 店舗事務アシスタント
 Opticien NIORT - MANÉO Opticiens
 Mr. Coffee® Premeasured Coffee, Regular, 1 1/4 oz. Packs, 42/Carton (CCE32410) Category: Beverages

[TASK PROMPT]: The material above is to be transcribed in full, exactly as it stands.

[SOLUTION]:
 店舗事務アシスタント
 Opticien NIORT - MANÉO Opticiens
 Mr. Coffee® Premeasured Coffee, Regular, 1 1/4 oz. Packs, 42/Carton (CCE32410) Category: Beverages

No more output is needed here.